You say this, Burke, but then isn’t that exactly what you do for the next 14 pages??
Burke does make a good point that the best method of teaching is one in which investigation is well utilized. I learned best when I would take what we were doing in class, be interested in part of it, and then teach myself by reading more in-depth on what interested me to give myself a more well-rounded knowledge base. I have yet to figure out how to externally motivate students to do what i did naturally, however.
Burke uses like 3-4 times as many commas in a sentence as I do, and I thought that I was bad! I am just going to quote some of the interesting passages for a bit...
All men are agreed to call vinegar sour, honey sweet, and aloes bitter; and as they are all agreed in finding these qualities in those objects, they do not in the least differ concerning their effects with regard to pleasure and pain. They all concur in calling sweetness pleasant, and sourness and bitterness unpleasant. Here there is no diversity in their sentiments; and that there is not, appears fully from the consent of all men in the metaphors which are taken from the sense of taste. A sour temper, bitter expressions, bitter curses, a bitter fate, are terms well and strongly understood by all. And we are altogether as well understood when we say, a sweet disposition, a sweet person, a sweet condition, and the like. It is confessed, that custom and some other causes have made many deviations from the natural pleasures or pains which belong to these several tastes: but then the power of distinguishing between the natural and the acquired relish remains to the very last. A man frequently comes to prefer the taste of tobacco to that of sugar, and the flavour of vinegar to that of milk; but this makes no confusion in tastes, whilst he is sensible that the tobacco and vinegar are not sweet, and whilst he knows that habit alone has reconciled his palate to these alien pleasures. Even with such a person we may speak, and with sufficient precision, concerning tastes. But should any man be found who declares, that to him tobacco has a taste like sugar, and that he cannot distinguish between milk and vinegar; or that tobacco and vinegar are sweet, milk bitter, and sugar sour; we immediately conclude that the organs of this man are out of order, and that his palate is utterly vitiated.
But when we talk of any peculiar or acquired relish, then we must know the habits, the prejudices, or the distempers of this particular man, and we must draw our conclusion from those.
But things do not spontaneously present themselves to the palate as they do to the sight; they are generally applied to it, either as food or as medicine; and, from the qualities which they possess for nutritive or medicinal purposes, they often form the palate by degrees, and by force of these associations. Thus opium is pleasing to Turks, on account of the agreeable delirium it produces. Tobacco is the delight of Dutchmen, as it diffuses a torpor and pleasing stupefaction. Fermented spirits please our common people, because they banish care, and all consideration of future or present evils. All of these would lie absolutely neglected if their properties had originally gone no further than the taste; but all these together, with tea and coffee, and some other things, have passed from the apothecary's shop to our tables, and were taken for health long before they were thought of for pleasure. The effect of the drug has made us use it frequently; and frequent use, combined with the agreeable effect, has made the taste itself at last agreeable.

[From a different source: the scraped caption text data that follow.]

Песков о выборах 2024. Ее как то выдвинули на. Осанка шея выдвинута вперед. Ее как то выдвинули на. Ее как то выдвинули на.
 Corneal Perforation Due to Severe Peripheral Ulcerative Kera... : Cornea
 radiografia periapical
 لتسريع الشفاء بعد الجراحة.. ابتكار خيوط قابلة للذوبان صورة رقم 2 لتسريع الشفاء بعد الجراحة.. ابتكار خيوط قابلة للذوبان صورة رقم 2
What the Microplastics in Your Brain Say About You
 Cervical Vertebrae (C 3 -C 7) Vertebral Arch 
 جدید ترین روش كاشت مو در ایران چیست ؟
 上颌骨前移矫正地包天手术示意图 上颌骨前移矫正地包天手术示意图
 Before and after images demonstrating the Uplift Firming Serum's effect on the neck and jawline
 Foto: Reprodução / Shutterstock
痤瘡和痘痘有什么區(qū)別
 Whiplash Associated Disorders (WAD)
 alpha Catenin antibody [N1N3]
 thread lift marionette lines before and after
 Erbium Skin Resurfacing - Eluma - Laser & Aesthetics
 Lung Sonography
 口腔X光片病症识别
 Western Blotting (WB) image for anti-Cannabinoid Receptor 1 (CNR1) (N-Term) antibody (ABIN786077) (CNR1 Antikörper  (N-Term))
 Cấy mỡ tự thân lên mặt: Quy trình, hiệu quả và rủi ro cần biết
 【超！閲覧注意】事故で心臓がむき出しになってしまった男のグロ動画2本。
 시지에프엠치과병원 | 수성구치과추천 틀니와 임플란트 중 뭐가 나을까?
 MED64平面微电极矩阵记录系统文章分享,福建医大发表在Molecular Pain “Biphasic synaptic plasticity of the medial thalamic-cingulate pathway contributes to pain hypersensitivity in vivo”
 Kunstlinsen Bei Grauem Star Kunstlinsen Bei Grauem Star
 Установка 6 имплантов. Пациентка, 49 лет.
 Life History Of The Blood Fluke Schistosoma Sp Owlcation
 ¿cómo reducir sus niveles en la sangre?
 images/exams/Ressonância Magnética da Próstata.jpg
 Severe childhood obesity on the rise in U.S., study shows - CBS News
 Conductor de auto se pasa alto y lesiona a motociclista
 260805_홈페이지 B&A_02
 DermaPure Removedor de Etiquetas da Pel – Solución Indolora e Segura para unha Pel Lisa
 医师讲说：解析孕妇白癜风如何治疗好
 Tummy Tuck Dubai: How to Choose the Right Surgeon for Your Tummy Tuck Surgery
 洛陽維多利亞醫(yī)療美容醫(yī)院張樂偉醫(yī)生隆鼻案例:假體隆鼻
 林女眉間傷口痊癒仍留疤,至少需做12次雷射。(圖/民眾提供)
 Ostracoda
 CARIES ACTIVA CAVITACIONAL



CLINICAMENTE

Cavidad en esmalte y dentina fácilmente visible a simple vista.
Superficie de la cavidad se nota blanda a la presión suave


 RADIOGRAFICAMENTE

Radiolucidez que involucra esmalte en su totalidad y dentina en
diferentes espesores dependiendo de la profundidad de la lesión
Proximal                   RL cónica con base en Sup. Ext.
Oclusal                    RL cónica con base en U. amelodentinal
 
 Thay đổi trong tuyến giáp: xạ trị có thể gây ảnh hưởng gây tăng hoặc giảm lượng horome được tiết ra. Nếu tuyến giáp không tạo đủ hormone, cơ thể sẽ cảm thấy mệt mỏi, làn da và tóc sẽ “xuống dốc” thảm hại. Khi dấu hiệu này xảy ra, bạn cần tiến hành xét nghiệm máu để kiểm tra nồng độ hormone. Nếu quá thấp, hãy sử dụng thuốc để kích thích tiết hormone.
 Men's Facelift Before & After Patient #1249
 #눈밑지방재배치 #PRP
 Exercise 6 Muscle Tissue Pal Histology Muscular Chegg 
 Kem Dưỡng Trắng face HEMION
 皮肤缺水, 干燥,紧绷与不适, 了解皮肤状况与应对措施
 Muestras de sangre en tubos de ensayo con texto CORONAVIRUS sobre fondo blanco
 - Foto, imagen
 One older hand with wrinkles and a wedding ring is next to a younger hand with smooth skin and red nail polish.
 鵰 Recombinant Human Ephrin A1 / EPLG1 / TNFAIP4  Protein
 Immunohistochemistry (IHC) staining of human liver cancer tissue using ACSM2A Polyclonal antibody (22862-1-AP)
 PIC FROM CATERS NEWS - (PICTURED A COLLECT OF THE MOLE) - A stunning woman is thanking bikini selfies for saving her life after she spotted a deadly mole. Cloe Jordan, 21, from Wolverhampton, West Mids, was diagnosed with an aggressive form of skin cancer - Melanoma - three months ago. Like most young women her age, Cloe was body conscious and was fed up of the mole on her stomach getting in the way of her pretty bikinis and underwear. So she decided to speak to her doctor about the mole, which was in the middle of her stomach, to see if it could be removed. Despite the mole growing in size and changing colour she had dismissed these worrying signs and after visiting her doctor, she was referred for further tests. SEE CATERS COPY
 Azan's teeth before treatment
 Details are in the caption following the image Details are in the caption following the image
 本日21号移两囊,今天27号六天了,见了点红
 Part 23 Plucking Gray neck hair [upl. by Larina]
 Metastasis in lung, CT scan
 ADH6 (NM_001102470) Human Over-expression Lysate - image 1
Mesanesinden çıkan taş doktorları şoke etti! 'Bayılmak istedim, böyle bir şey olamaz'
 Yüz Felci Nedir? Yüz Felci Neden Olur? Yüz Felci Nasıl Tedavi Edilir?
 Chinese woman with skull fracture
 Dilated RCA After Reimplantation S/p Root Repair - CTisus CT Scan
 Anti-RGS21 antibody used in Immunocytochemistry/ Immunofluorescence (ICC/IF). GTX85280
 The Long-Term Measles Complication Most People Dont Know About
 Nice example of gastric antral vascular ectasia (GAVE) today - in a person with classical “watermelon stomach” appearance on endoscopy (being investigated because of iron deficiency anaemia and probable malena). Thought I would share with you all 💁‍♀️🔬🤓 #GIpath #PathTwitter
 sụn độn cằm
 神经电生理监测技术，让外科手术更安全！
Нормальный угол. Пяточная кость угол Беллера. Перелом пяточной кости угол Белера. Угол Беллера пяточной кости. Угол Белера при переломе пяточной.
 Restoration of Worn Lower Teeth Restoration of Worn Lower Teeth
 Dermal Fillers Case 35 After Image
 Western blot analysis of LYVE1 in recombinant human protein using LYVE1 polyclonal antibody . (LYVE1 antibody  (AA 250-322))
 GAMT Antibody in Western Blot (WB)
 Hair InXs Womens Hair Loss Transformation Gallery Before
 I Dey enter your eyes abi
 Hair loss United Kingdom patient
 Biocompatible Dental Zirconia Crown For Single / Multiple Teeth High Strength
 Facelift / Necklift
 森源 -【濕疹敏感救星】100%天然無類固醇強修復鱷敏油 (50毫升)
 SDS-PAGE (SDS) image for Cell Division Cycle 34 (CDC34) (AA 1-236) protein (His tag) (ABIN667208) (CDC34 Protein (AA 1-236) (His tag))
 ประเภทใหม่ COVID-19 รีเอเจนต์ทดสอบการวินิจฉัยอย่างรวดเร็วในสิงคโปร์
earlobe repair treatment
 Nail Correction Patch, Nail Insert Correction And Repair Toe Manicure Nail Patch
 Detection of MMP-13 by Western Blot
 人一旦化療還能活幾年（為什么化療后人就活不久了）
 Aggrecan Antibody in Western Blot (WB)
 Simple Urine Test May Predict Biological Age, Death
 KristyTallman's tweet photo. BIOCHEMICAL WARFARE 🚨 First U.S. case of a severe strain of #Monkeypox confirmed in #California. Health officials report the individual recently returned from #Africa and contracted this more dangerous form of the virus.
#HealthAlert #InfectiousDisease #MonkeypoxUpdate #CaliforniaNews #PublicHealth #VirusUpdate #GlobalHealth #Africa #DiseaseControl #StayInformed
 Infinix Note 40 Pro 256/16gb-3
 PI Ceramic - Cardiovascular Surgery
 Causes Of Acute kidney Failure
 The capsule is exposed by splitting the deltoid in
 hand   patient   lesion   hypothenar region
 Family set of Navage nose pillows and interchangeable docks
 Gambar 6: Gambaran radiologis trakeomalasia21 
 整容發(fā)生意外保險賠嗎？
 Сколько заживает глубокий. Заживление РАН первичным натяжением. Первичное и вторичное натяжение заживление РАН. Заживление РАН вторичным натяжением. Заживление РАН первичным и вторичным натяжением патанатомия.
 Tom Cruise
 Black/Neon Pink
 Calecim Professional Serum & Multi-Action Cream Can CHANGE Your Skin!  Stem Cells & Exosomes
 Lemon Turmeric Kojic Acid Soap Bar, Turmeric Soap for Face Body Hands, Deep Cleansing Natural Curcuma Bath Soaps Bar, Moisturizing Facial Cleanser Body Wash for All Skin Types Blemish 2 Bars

It may perhaps appear, on this supposition, that there is no material distinction between the wit and the judgment, as they both seem to result from different operations of the same faculty of comparing. But in reality, whether they are or are not dependent on the same power of the mind, they differ so very materially in many respects, that a perfect union of wit and judgment is one of the rarest things in the world. When two distinct objects are unlike to each other, it is only what we expect; things are in their common way; and therefore they make no impression on the imagination: but when two distinct objects have a resemblance, we are struck, we attend to them, and we are pleased. The mind of man has naturally a far greater alacrity and satisfaction in tracing resemblances than in searching for differences: because by making resemblances we produce new images; we unite, we create, we enlarge our stock;
I finally got to the Turkish quote given with the assignment when I got to page 19. Essentially, Burke lists many examples of how a painter may have created something through imagination that stirs the soul, but if a shoemaker came in, he would critique how the shoes were formed since he has more knowledge of that then the painter. Likewise, an anatomist would critique how the muscles were formed, but would not notice the issue with the shoes. A Turkish sultan would remark on inaccuracies of how the skin acts near a severed head on a painting of St. John the Baptist’s death by beheading, because he has more knowledge of what that looks like in real life. Essentially, while taste is universal, the amount of knowledge a person brings to something can change their perception of it.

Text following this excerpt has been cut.